What is required. Retype the lines below exactly, but only those from the line that has "Compared to the" through the line that has "Open Facebook app". Omit every picture.

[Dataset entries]

____

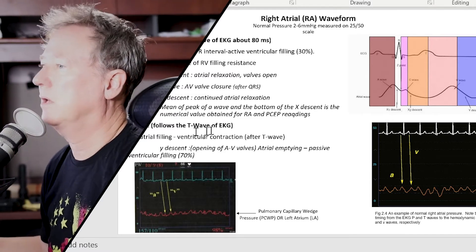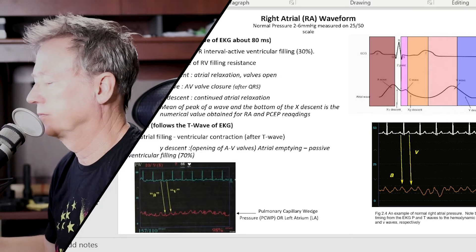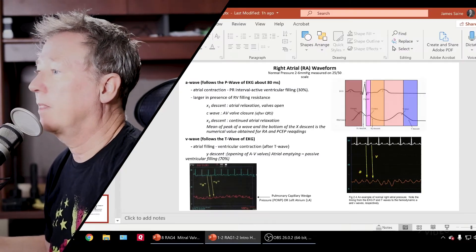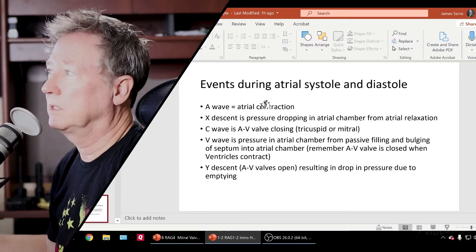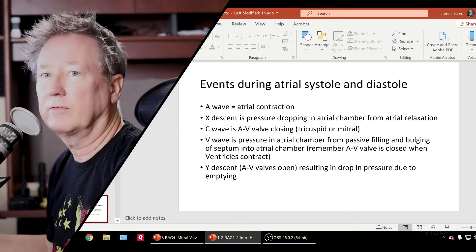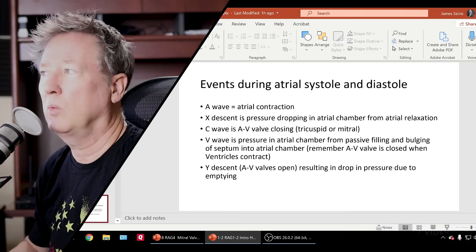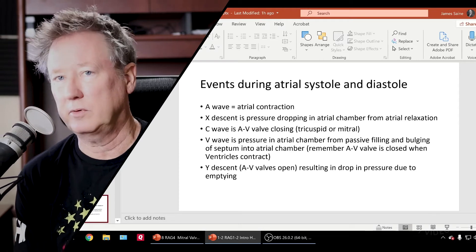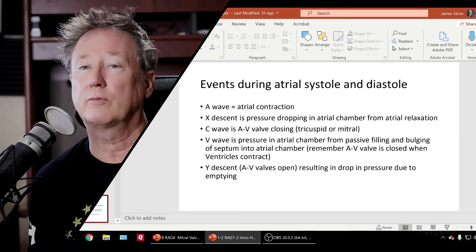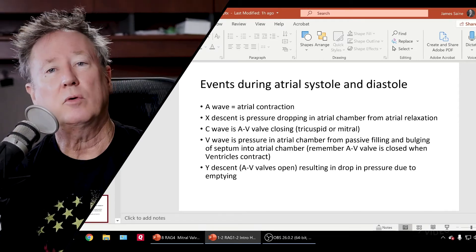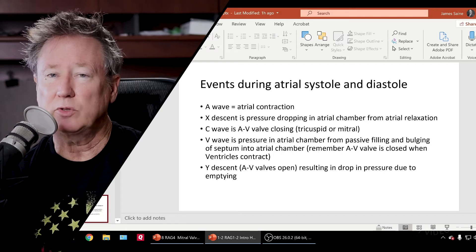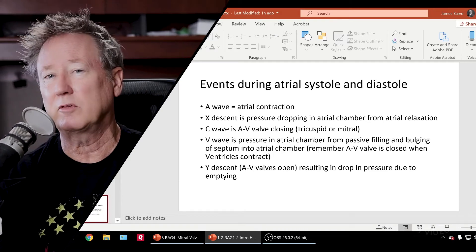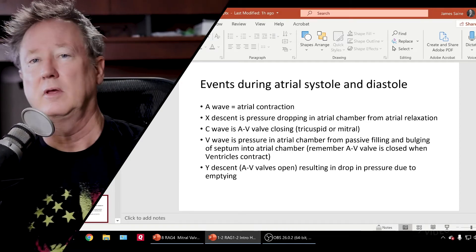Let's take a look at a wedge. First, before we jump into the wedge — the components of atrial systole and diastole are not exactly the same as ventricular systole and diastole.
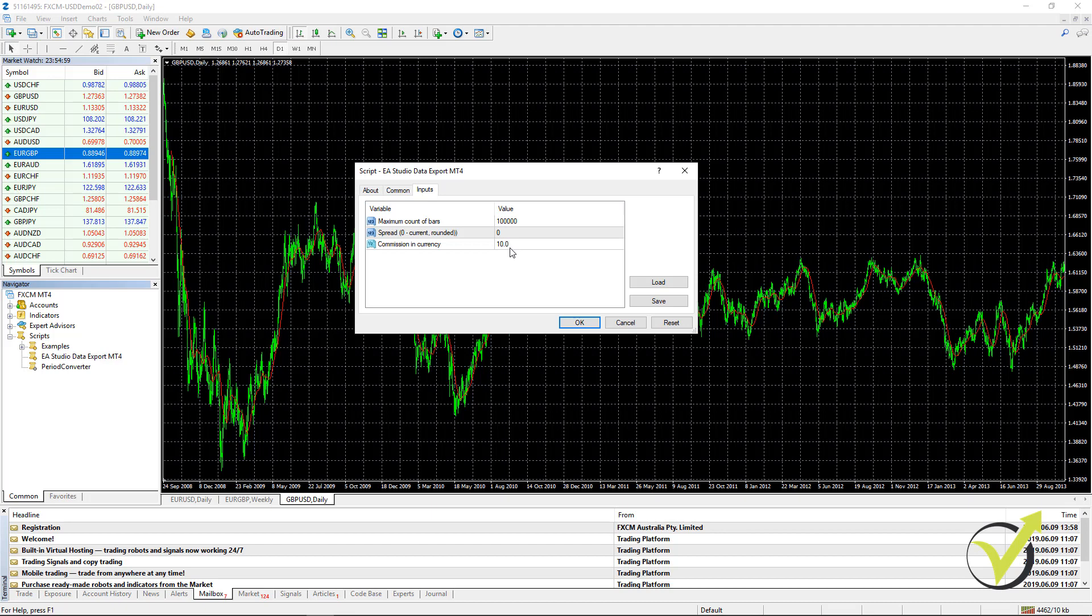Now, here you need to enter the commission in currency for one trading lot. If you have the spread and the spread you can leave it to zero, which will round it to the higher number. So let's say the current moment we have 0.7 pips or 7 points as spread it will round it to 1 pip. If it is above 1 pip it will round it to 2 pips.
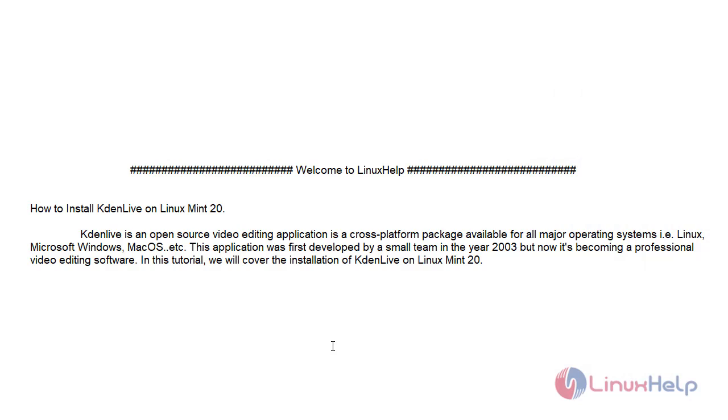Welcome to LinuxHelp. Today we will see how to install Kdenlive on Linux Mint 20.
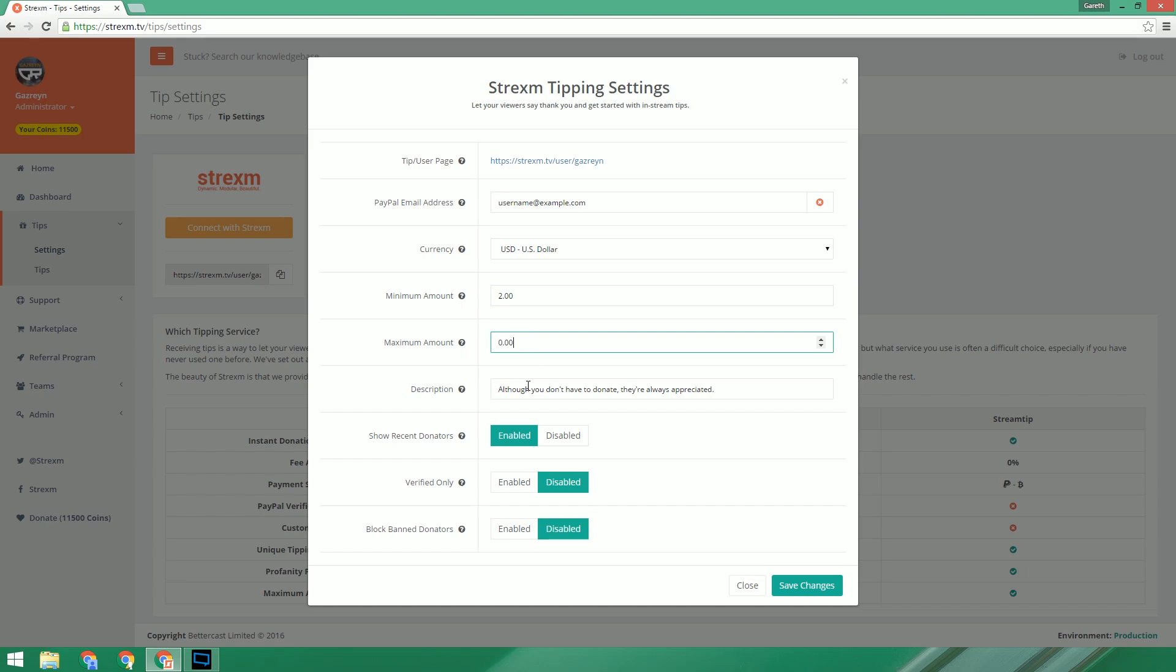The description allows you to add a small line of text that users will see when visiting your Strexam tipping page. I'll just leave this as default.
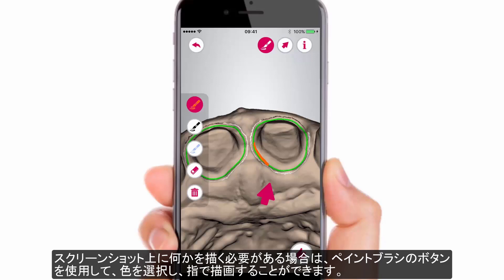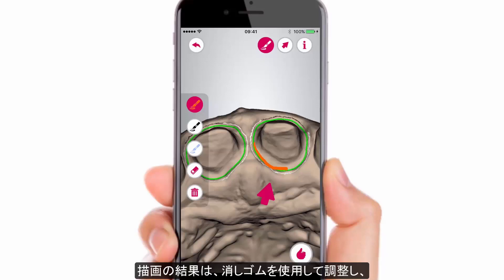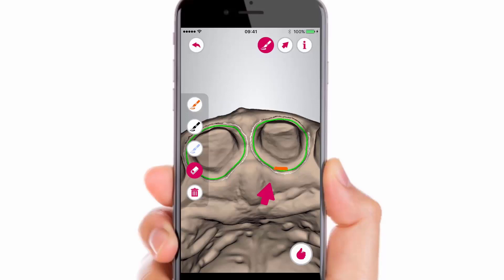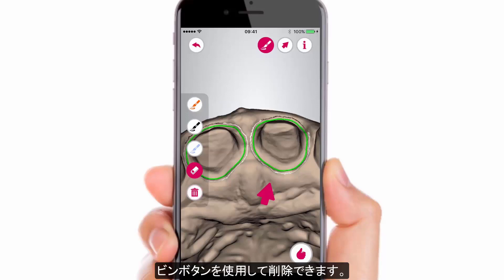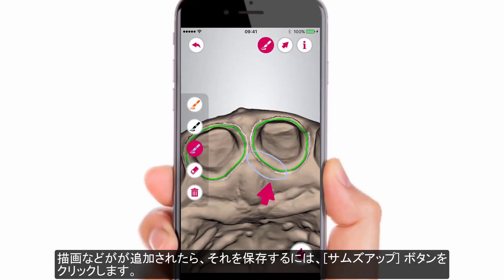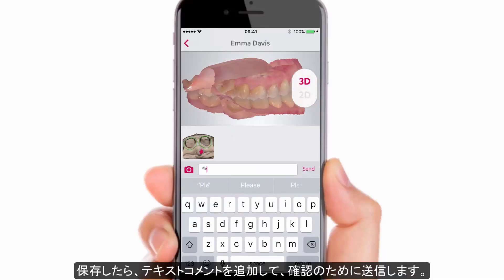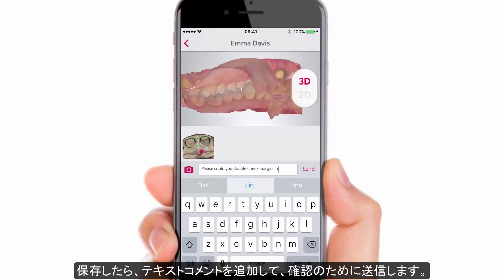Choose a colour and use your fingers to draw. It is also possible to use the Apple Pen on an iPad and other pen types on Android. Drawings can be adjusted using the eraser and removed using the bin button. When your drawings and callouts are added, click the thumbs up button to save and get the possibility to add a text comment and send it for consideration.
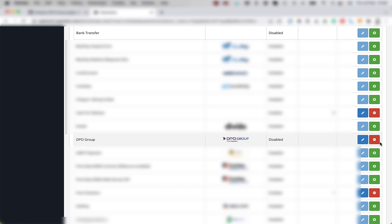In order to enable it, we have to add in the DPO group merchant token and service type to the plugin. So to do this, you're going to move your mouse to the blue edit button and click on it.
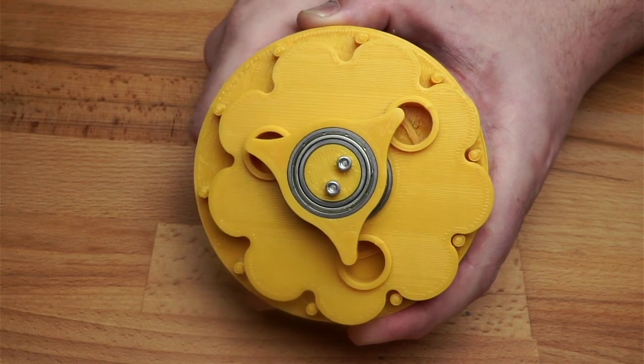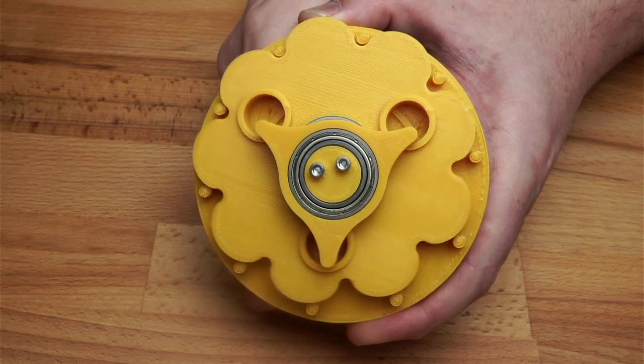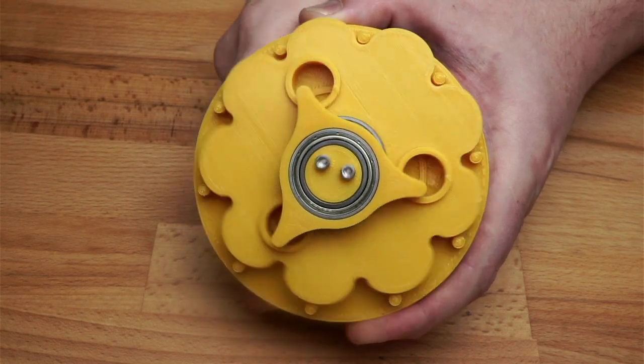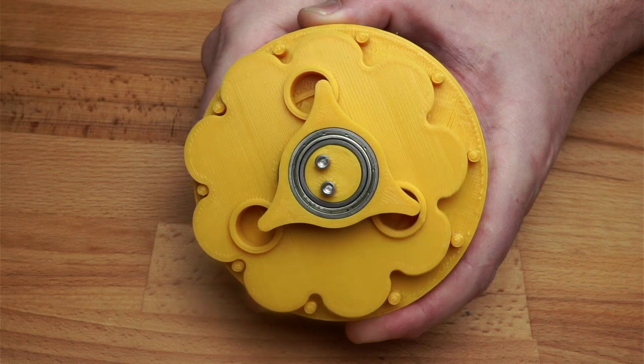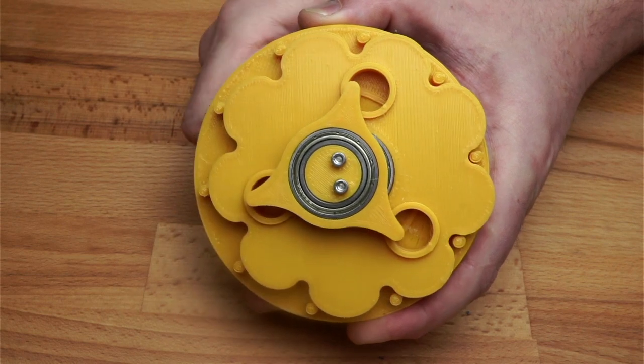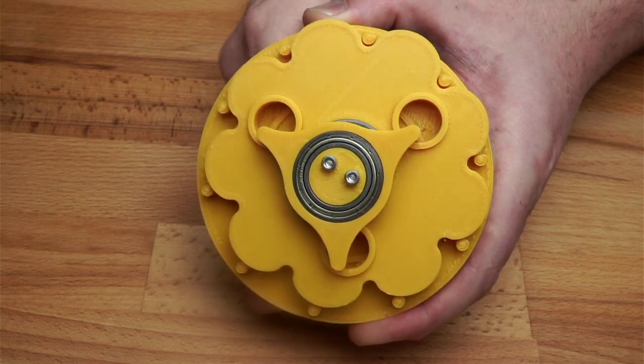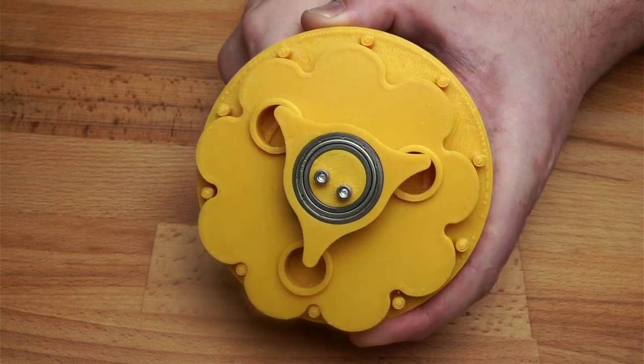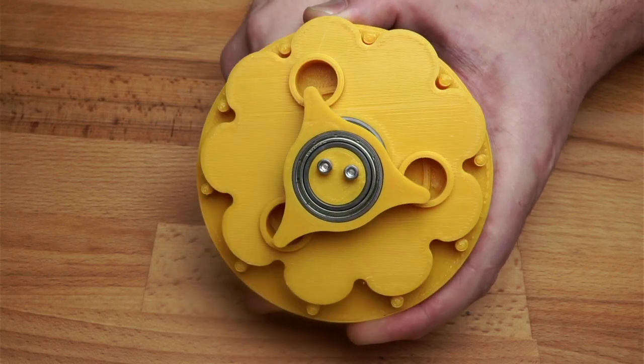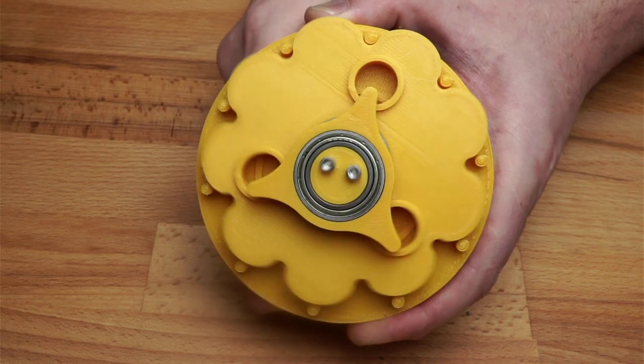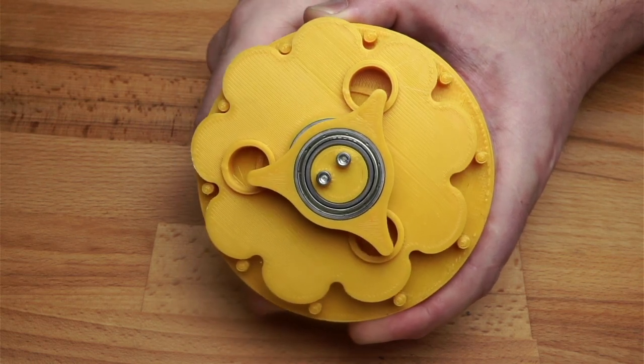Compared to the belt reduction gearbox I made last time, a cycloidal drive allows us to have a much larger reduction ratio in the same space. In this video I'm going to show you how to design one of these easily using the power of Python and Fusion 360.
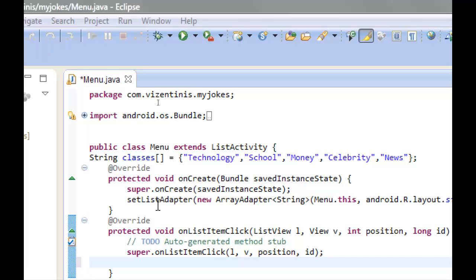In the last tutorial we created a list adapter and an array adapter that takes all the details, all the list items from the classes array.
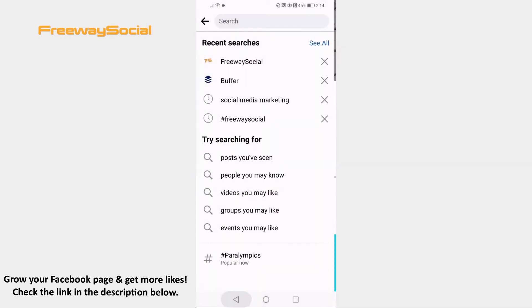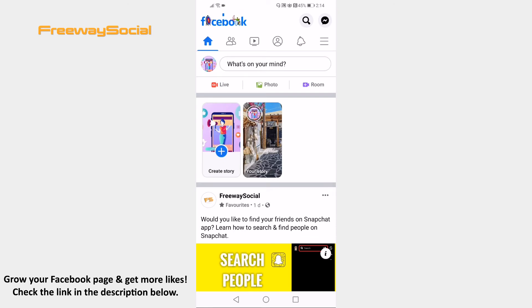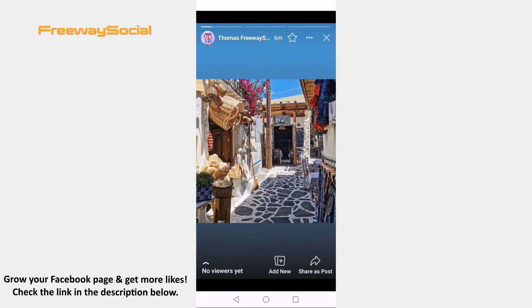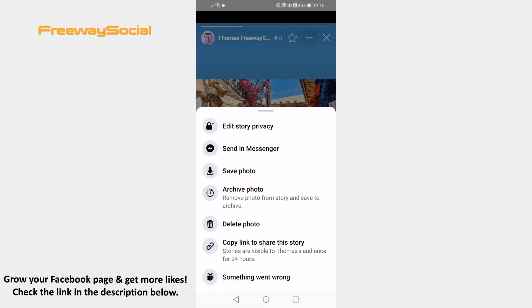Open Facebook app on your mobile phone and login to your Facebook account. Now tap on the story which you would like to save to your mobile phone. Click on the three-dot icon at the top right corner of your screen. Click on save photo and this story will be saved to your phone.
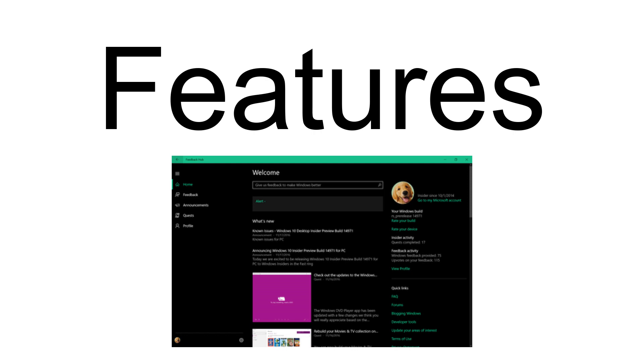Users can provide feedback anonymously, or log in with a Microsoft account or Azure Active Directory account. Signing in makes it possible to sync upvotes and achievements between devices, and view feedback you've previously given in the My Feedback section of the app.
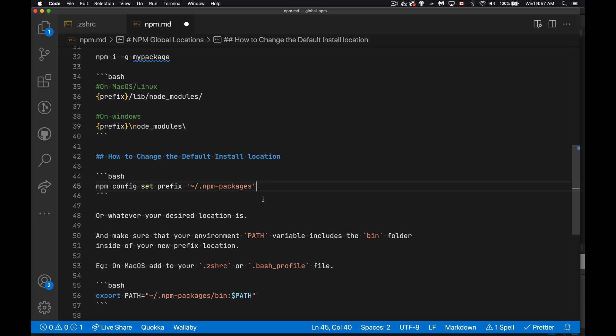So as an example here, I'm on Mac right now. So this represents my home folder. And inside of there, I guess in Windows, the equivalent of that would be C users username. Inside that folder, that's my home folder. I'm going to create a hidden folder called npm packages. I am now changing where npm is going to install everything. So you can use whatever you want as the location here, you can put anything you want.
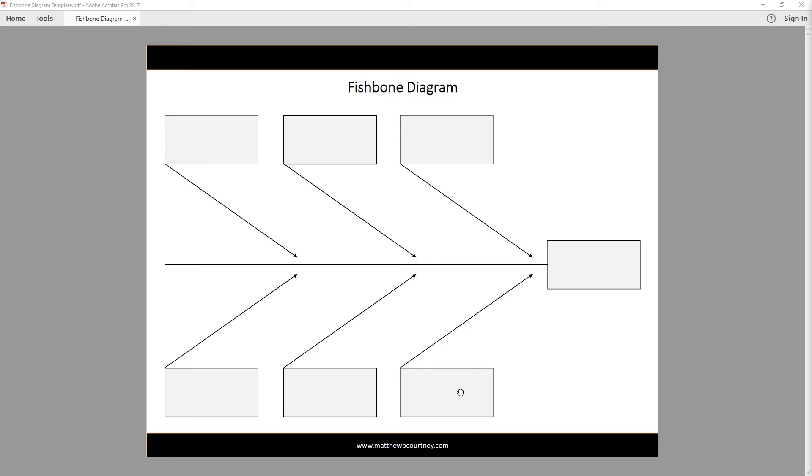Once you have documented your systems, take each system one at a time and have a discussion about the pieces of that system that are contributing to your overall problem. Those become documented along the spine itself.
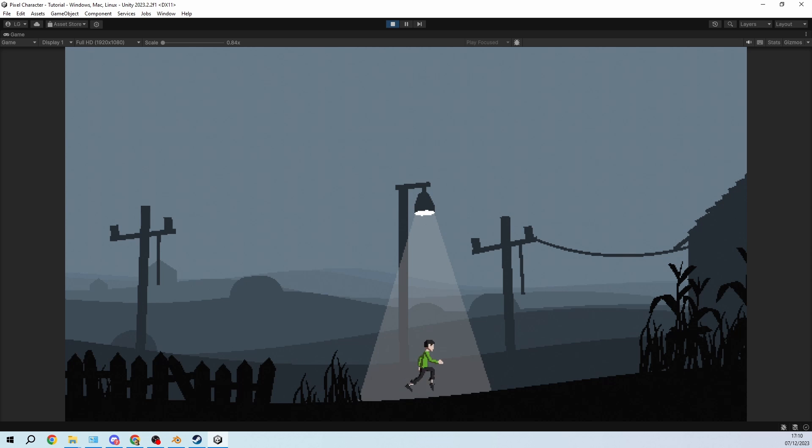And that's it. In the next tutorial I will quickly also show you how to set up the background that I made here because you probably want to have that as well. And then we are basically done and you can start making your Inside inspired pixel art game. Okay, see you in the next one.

____

Result below.
Compared to the belt reduction gearbox I made last time, a cycloidal drive allows us to have a much larger reduction ratio in the same space. In this video I'm going to show you how to design one of these easily using the power of Python and Fusion 360.
In the last tutorial we created a list adapter and an array adapter that takes all the details, all the list items from the classes array.
Open Facebook app on your mobile phone and login to your Facebook account. Now tap on the story which you would like to save to your mobile phone. Click on the three-dot icon at the top right corner of your screen. Click on save photo and this story will be saved to your phone.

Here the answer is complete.